= Beginning of Section =

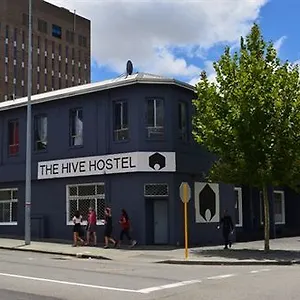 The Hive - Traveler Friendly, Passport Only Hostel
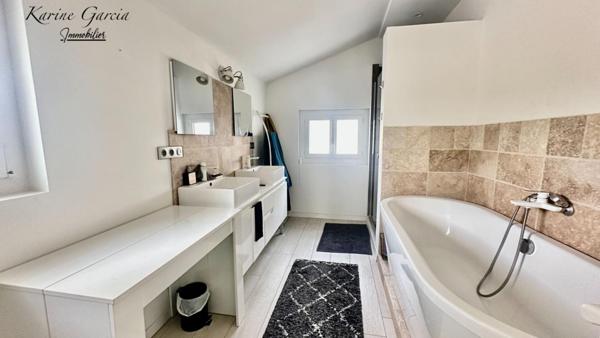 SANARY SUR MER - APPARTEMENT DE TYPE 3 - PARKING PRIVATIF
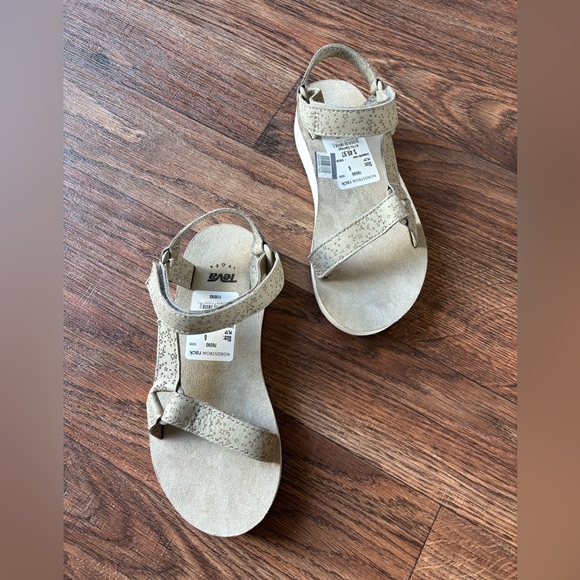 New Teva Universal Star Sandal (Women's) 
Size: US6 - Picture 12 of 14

= End of Section =
= Beginning of Section =

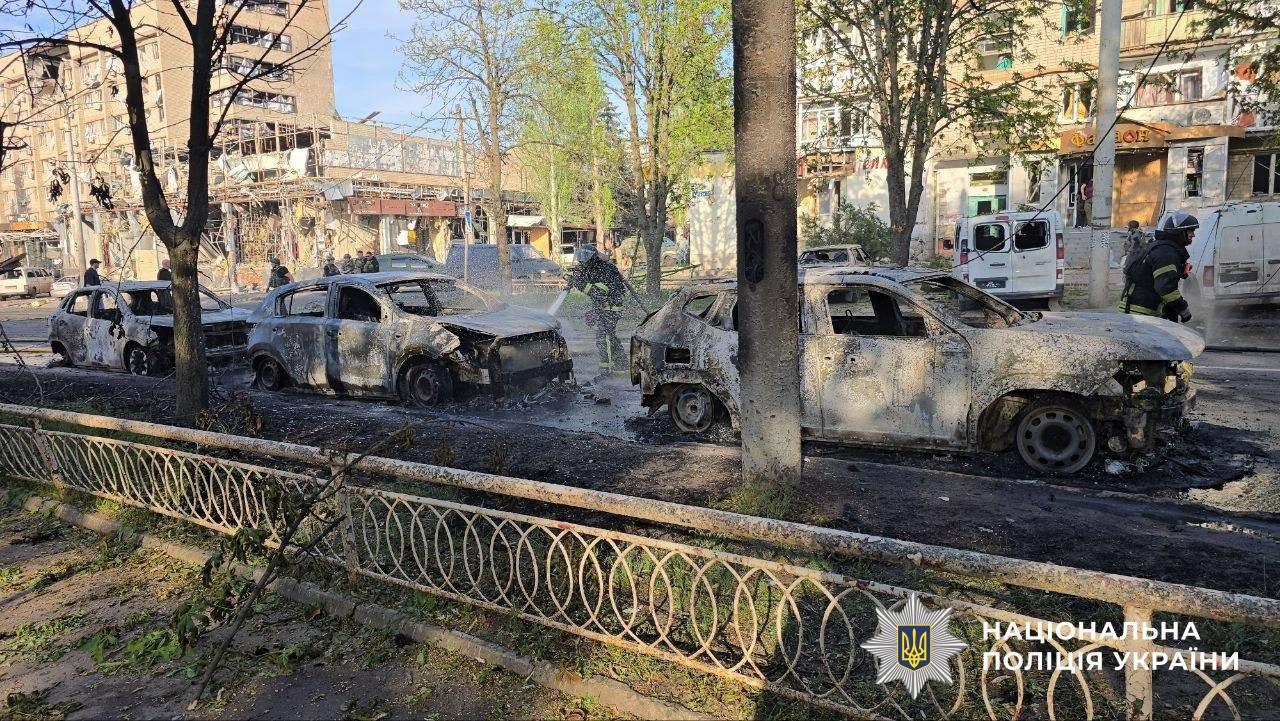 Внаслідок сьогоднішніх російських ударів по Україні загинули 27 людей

= End of Section =
= Beginning of Section =

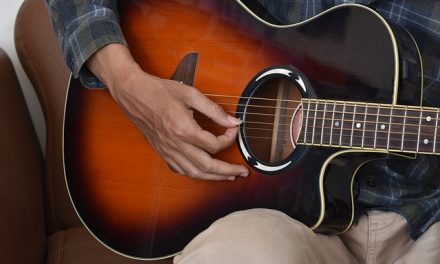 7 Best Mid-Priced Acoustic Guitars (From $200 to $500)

= End of Section =

Find the line with "The Hive - Traveler" in the entries above. Set down exactly every line from it up to and including the line with "Size: US6 - Picture 12 of 14", images excluded.

 The Hive - Traveler Friendly, Passport Only Hostel
 SANARY SUR MER - APPARTEMENT DE TYPE 3 - PARKING PRIVATIF
 New Teva Universal Star Sandal (Women's) 
Size: US6 - Picture 12 of 14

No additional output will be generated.